[ACTIVITY] Restate word for word the lines in the listing below, starting at the line containing "الصورة 3 من 8" and ending at the line containing "Beautifully detailed picture", both included; leave out the rest.

[SOURCE MATERIAL]
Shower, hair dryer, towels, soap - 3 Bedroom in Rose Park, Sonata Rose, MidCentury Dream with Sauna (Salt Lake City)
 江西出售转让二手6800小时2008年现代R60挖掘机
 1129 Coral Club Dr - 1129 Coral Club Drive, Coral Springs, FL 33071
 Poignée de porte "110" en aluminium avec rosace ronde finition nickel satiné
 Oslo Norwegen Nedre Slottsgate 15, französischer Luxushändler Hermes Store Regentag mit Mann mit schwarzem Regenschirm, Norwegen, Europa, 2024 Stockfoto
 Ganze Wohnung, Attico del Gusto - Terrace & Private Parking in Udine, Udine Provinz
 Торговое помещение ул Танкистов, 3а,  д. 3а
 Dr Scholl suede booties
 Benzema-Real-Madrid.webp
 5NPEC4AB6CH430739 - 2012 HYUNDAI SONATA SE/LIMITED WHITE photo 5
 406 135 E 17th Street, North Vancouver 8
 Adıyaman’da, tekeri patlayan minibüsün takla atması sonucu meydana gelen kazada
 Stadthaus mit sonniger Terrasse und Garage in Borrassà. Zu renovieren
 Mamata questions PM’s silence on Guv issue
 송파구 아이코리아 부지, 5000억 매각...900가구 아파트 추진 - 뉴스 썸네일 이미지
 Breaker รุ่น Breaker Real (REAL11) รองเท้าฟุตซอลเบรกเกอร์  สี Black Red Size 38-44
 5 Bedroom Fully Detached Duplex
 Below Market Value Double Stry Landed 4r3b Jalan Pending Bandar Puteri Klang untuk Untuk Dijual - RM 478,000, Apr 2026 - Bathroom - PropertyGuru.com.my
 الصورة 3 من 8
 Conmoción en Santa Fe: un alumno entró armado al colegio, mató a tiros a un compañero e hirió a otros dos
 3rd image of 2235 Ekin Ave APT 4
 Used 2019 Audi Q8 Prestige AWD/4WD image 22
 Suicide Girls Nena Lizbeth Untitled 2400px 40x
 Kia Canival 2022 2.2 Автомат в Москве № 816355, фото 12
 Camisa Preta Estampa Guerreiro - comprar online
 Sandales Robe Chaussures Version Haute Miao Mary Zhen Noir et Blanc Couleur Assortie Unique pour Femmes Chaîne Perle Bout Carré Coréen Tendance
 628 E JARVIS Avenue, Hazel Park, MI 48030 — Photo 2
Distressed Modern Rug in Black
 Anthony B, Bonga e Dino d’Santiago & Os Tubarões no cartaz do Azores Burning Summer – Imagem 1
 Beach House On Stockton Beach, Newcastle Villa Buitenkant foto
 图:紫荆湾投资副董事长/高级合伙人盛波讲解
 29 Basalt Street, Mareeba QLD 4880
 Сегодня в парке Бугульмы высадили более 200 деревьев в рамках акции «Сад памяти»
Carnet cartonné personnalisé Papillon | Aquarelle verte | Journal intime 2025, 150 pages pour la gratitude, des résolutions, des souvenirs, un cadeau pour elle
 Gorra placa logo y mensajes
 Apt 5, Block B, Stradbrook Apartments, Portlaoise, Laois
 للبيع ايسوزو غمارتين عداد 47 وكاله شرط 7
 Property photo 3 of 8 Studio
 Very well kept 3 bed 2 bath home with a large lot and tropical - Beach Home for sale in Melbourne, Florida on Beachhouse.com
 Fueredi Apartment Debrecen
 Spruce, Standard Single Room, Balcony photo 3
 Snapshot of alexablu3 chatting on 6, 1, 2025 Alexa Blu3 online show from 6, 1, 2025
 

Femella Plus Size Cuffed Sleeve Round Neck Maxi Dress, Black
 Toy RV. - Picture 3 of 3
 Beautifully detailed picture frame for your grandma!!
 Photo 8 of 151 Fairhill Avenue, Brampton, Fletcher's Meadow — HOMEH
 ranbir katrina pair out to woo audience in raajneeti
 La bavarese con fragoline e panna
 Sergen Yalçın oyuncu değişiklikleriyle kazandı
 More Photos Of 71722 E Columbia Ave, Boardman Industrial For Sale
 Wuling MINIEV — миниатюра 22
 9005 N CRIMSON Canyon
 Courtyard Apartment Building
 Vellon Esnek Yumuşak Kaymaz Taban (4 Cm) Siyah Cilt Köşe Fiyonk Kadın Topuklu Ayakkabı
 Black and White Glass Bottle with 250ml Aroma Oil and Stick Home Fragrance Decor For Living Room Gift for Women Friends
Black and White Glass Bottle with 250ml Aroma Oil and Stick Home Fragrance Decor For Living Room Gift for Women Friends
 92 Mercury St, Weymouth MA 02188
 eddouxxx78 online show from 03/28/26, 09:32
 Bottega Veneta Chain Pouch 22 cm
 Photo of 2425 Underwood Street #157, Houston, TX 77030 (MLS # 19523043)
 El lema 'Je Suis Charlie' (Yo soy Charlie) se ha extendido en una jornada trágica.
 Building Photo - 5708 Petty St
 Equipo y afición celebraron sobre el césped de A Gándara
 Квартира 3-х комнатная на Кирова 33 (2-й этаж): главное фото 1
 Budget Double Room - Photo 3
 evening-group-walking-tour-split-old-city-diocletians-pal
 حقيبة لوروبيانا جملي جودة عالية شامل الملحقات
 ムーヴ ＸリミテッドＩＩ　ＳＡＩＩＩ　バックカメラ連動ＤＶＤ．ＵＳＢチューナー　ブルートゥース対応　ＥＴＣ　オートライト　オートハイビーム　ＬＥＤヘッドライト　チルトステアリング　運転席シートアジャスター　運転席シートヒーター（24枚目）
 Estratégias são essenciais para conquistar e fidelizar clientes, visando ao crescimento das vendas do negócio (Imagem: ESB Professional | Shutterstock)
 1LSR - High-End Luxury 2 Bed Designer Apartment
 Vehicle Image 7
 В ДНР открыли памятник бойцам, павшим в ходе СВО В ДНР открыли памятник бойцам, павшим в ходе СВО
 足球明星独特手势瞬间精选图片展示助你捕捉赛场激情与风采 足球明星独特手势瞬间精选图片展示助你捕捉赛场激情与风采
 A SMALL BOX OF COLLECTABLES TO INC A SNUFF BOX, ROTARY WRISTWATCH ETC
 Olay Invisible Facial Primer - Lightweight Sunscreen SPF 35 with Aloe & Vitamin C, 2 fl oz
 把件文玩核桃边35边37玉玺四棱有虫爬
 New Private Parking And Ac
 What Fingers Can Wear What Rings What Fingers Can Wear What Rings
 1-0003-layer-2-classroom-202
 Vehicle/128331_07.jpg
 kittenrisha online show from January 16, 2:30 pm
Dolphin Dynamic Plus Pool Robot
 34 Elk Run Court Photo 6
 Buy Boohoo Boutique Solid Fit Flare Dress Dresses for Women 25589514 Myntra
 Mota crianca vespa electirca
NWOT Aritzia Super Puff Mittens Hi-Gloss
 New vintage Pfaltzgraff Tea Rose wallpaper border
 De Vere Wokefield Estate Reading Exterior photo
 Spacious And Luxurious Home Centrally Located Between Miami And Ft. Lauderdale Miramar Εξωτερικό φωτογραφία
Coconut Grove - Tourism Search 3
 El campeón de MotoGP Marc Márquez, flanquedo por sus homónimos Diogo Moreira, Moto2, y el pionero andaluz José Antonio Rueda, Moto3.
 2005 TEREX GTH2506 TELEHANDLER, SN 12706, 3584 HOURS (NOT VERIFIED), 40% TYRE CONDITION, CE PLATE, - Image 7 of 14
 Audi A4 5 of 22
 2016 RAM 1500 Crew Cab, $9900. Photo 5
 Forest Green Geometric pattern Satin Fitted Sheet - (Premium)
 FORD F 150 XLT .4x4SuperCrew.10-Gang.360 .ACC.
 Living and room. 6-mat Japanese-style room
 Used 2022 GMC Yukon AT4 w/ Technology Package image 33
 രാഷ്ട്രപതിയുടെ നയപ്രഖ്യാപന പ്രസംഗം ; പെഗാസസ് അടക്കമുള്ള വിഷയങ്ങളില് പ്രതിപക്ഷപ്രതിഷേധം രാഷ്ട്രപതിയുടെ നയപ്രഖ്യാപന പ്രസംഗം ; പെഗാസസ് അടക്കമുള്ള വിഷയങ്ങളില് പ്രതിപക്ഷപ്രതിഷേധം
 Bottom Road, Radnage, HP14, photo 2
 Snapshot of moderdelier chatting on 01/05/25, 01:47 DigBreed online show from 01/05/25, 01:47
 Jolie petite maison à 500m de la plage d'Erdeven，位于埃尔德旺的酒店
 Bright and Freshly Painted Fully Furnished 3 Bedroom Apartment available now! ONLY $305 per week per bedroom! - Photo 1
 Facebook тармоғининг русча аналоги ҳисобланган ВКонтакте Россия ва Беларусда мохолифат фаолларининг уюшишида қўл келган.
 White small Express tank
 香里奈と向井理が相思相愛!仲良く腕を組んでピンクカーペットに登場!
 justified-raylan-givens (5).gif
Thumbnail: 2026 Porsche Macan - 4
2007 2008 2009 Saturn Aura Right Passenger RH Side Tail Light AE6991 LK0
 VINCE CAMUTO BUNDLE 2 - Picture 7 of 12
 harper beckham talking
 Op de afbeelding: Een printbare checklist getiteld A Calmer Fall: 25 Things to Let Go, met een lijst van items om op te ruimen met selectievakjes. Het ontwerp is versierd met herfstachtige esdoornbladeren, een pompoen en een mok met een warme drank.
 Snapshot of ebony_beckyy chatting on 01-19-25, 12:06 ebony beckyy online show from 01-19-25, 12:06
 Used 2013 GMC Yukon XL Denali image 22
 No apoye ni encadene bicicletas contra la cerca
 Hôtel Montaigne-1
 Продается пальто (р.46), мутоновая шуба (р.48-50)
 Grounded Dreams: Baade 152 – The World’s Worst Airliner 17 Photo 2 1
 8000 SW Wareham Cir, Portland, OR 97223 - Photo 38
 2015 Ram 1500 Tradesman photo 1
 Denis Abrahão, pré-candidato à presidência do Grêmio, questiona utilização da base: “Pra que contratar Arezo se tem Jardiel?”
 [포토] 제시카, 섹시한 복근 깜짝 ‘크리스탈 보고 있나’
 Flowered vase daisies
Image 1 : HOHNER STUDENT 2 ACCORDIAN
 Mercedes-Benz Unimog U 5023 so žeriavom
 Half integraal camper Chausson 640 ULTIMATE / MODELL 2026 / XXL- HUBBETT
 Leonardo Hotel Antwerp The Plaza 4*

[TASK RESPONSE]
 الصورة 3 من 8
 Conmoción en Santa Fe: un alumno entró armado al colegio, mató a tiros a un compañero e hirió a otros dos
 3rd image of 2235 Ekin Ave APT 4
 Used 2019 Audi Q8 Prestige AWD/4WD image 22
 Suicide Girls Nena Lizbeth Untitled 2400px 40x
 Kia Canival 2022 2.2 Автомат в Москве № 816355, фото 12
 Camisa Preta Estampa Guerreiro - comprar online
 Sandales Robe Chaussures Version Haute Miao Mary Zhen Noir et Blanc Couleur Assortie Unique pour Femmes Chaîne Perle Bout Carré Coréen Tendance
 628 E JARVIS Avenue, Hazel Park, MI 48030 — Photo 2
Distressed Modern Rug in Black
 Anthony B, Bonga e Dino d’Santiago & Os Tubarões no cartaz do Azores Burning Summer – Imagem 1
 Beach House On Stockton Beach, Newcastle Villa Buitenkant foto
 图:紫荆湾投资副董事长/高级合伙人盛波讲解
 29 Basalt Street, Mareeba QLD 4880
 Сегодня в парке Бугульмы высадили более 200 деревьев в рамках акции «Сад памяти»
Carnet cartonné personnalisé Papillon | Aquarelle verte | Journal intime 2025, 150 pages pour la gratitude, des résolutions, des souvenirs, un cadeau pour elle
 Gorra placa logo y mensajes
 Apt 5, Block B, Stradbrook Apartments, Portlaoise, Laois
 للبيع ايسوزو غمارتين عداد 47 وكاله شرط 7
 Property photo 3 of 8 Studio
 Very well kept 3 bed 2 bath home with a large lot and tropical - Beach Home for sale in Melbourne, Florida on Beachhouse.com
 Fueredi Apartment Debrecen
 Spruce, Standard Single Room, Balcony photo 3
 Snapshot of alexablu3 chatting on 6, 1, 2025 Alexa Blu3 online show from 6, 1, 2025
 

Femella Plus Size Cuffed Sleeve Round Neck Maxi Dress, Black
 Toy RV. - Picture 3 of 3
 Beautifully detailed picture frame for your grandma!!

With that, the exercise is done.